Information provided
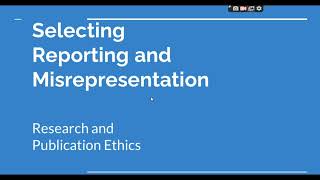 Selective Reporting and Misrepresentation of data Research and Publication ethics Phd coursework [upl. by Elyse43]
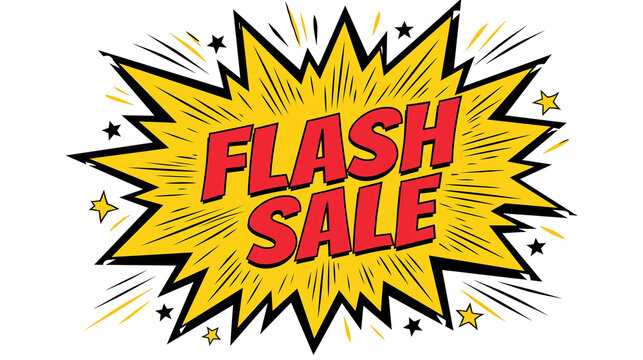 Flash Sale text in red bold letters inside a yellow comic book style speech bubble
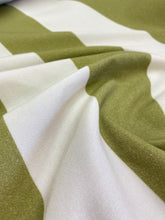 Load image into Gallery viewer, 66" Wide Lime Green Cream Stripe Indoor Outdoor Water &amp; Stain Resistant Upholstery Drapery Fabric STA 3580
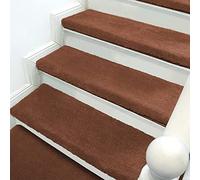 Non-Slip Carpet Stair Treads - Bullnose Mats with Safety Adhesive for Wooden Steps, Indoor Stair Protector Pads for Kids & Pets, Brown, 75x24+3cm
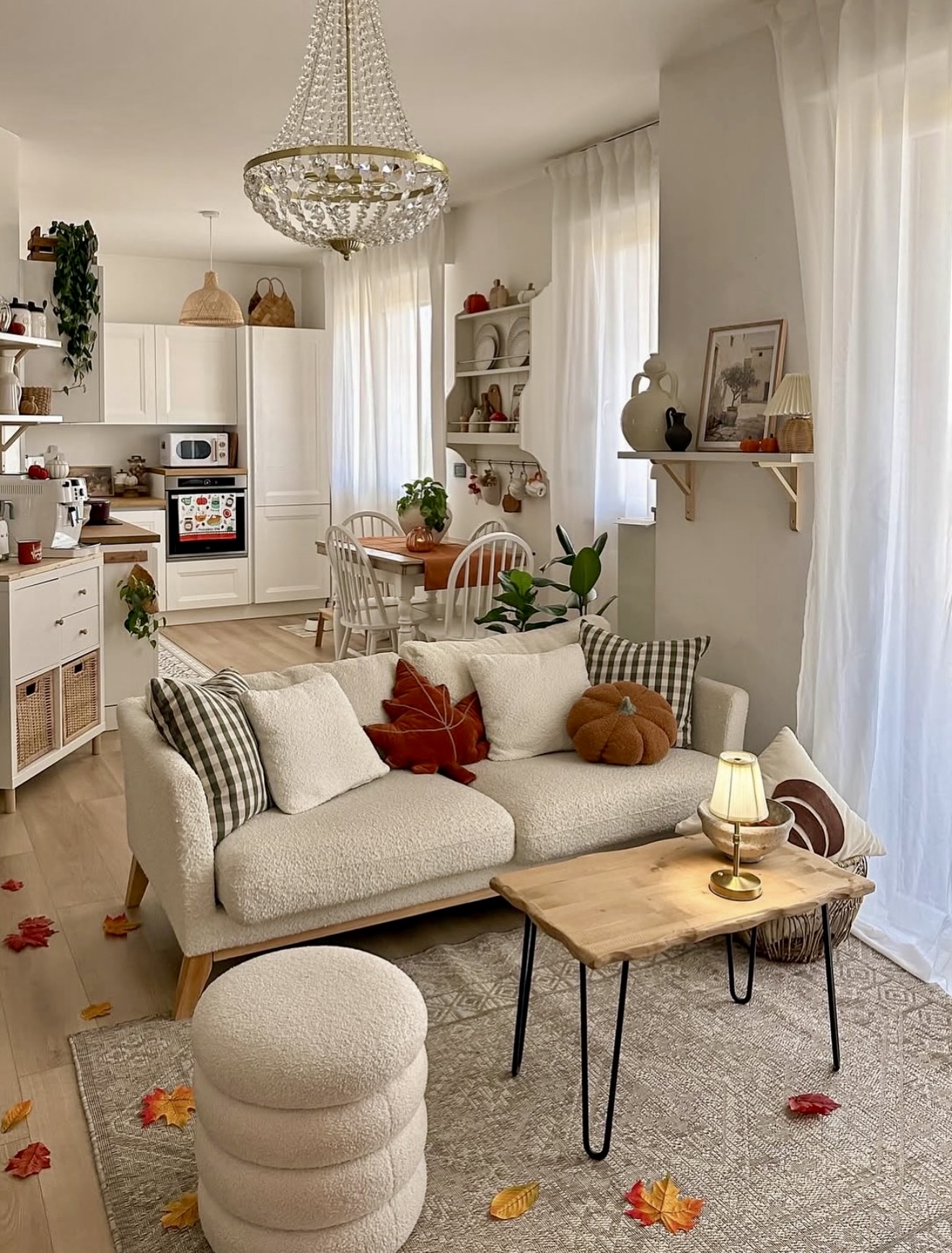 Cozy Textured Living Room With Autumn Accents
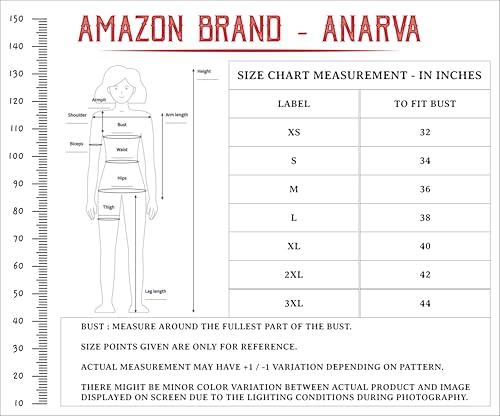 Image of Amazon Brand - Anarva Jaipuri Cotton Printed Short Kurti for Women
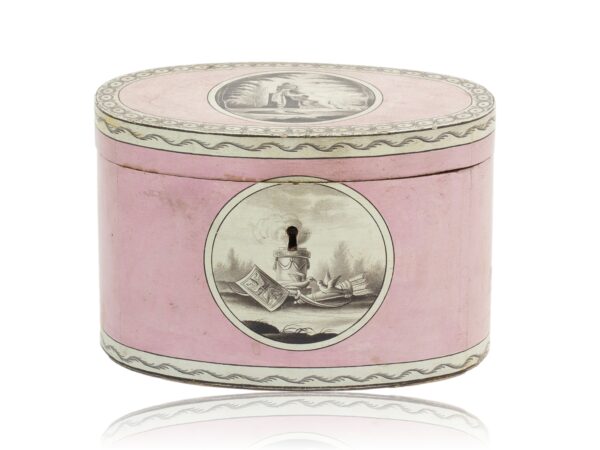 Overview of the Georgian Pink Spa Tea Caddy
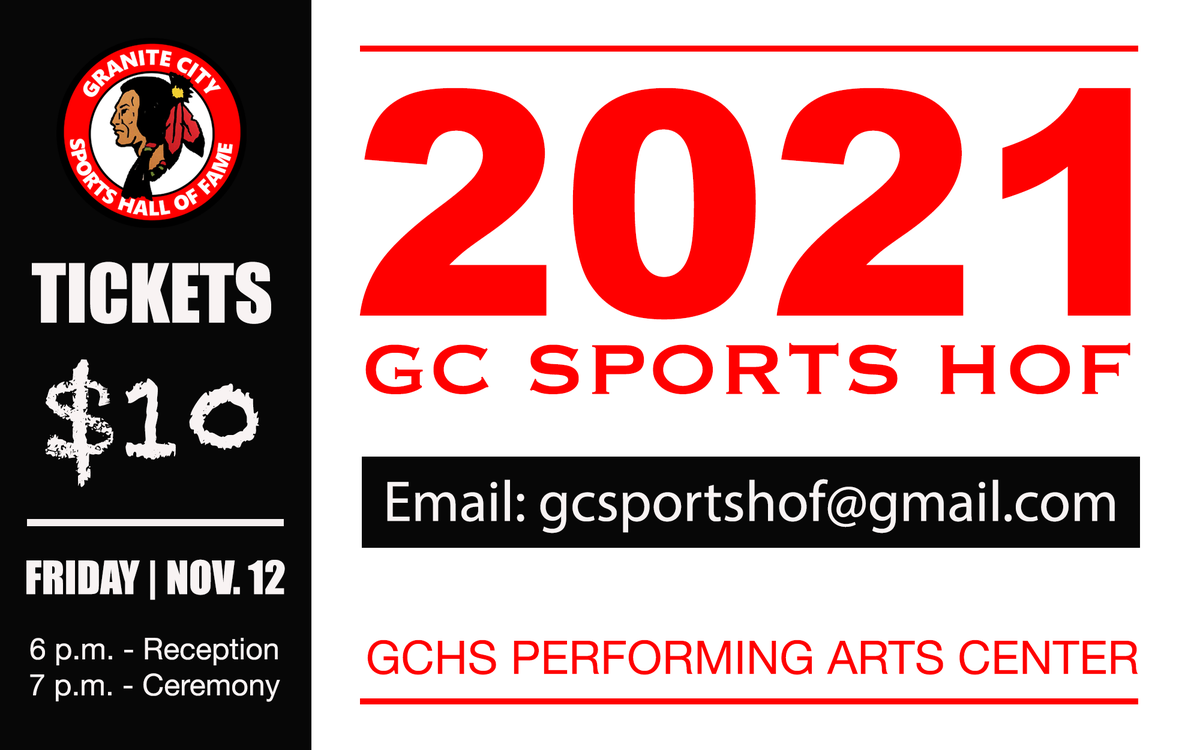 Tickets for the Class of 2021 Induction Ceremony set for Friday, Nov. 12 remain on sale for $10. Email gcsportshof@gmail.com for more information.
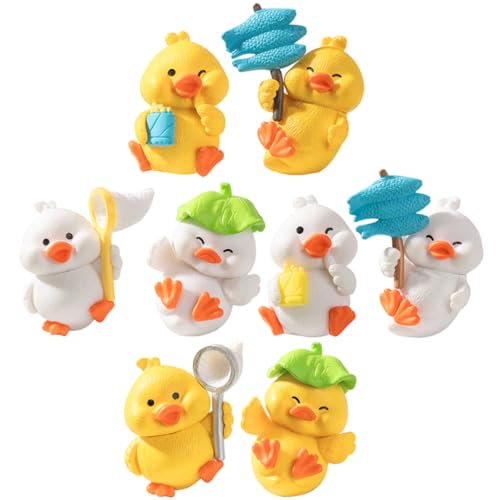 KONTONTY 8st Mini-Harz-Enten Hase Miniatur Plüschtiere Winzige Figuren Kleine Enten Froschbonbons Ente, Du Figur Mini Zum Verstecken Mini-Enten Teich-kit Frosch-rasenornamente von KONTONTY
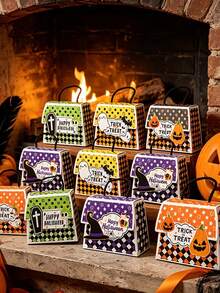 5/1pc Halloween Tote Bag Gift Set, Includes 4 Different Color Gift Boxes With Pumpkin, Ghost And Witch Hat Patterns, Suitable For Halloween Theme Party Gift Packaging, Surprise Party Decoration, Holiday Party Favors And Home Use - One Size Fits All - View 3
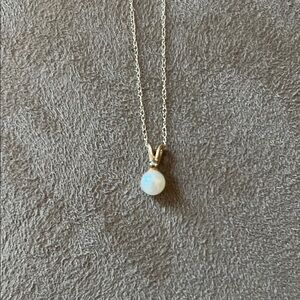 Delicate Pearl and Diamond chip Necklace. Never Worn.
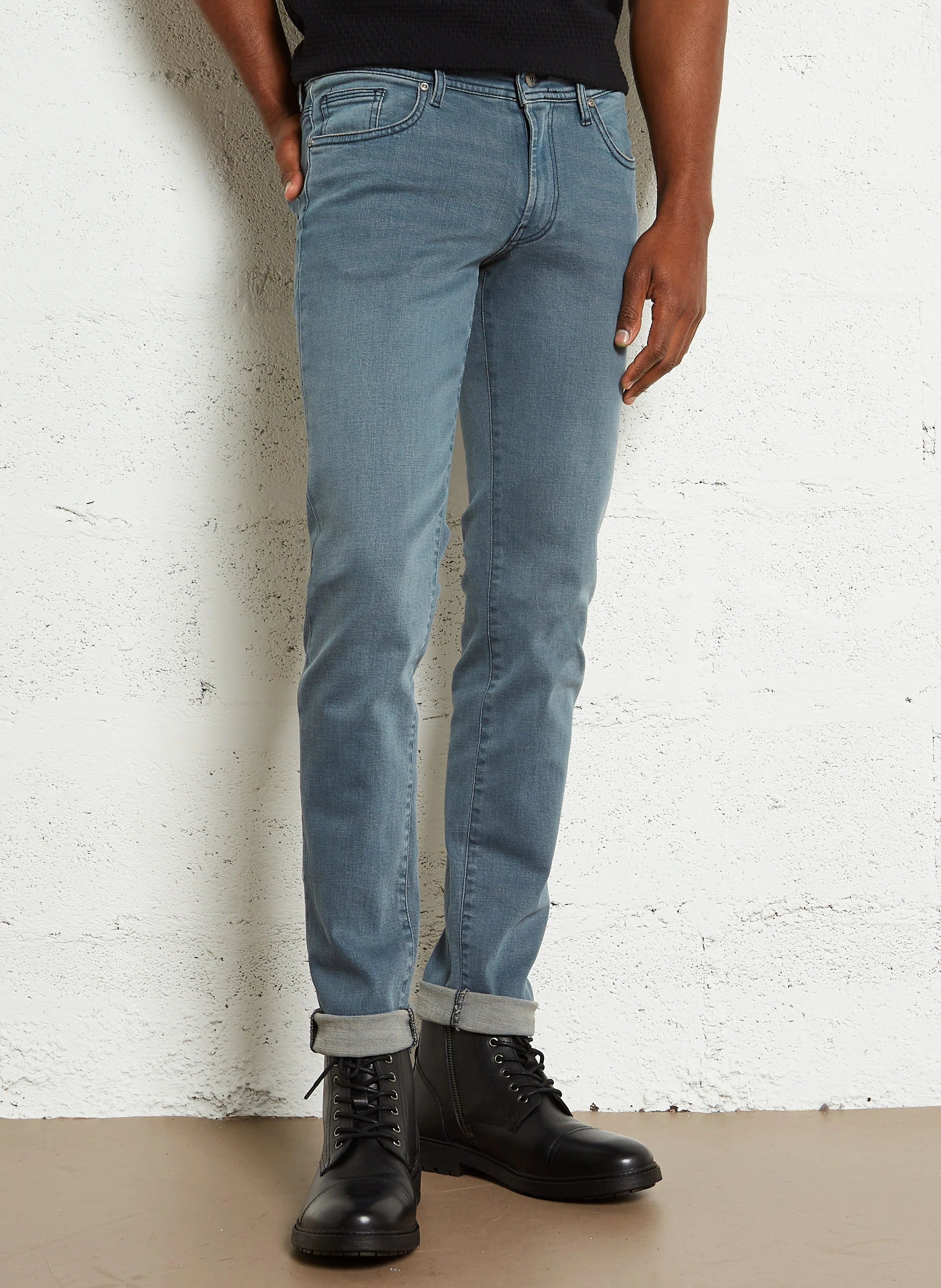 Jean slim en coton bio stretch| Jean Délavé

Instructions for the task
Copy all the records word for word and keep the pictures out.

Exercise solution
 Selective Reporting and Misrepresentation of data Research and Publication ethics Phd coursework [upl. by Elyse43]
 Flash Sale text in red bold letters inside a yellow comic book style speech bubble
 Load image into Gallery viewer, 66" Wide Lime Green Cream Stripe Indoor Outdoor Water &amp; Stain Resistant Upholstery Drapery Fabric STA 3580
 Non-Slip Carpet Stair Treads - Bullnose Mats with Safety Adhesive for Wooden Steps, Indoor Stair Protector Pads for Kids & Pets, Brown, 75x24+3cm
 Cozy Textured Living Room With Autumn Accents
 Image of Amazon Brand - Anarva Jaipuri Cotton Printed Short Kurti for Women
 Overview of the Georgian Pink Spa Tea Caddy
 Tickets for the Class of 2021 Induction Ceremony set for Friday, Nov. 12 remain on sale for $10. Email gcsportshof@gmail.com for more information.
 KONTONTY 8st Mini-Harz-Enten Hase Miniatur Plüschtiere Winzige Figuren Kleine Enten Froschbonbons Ente, Du Figur Mini Zum Verstecken Mini-Enten Teich-kit Frosch-rasenornamente von KONTONTY
 5/1pc Halloween Tote Bag Gift Set, Includes 4 Different Color Gift Boxes With Pumpkin, Ghost And Witch Hat Patterns, Suitable For Halloween Theme Party Gift Packaging, Surprise Party Decoration, Holiday Party Favors And Home Use - One Size Fits All - View 3
 Delicate Pearl and Diamond chip Necklace. Never Worn.
 Jean slim en coton bio stretch| Jean Délavé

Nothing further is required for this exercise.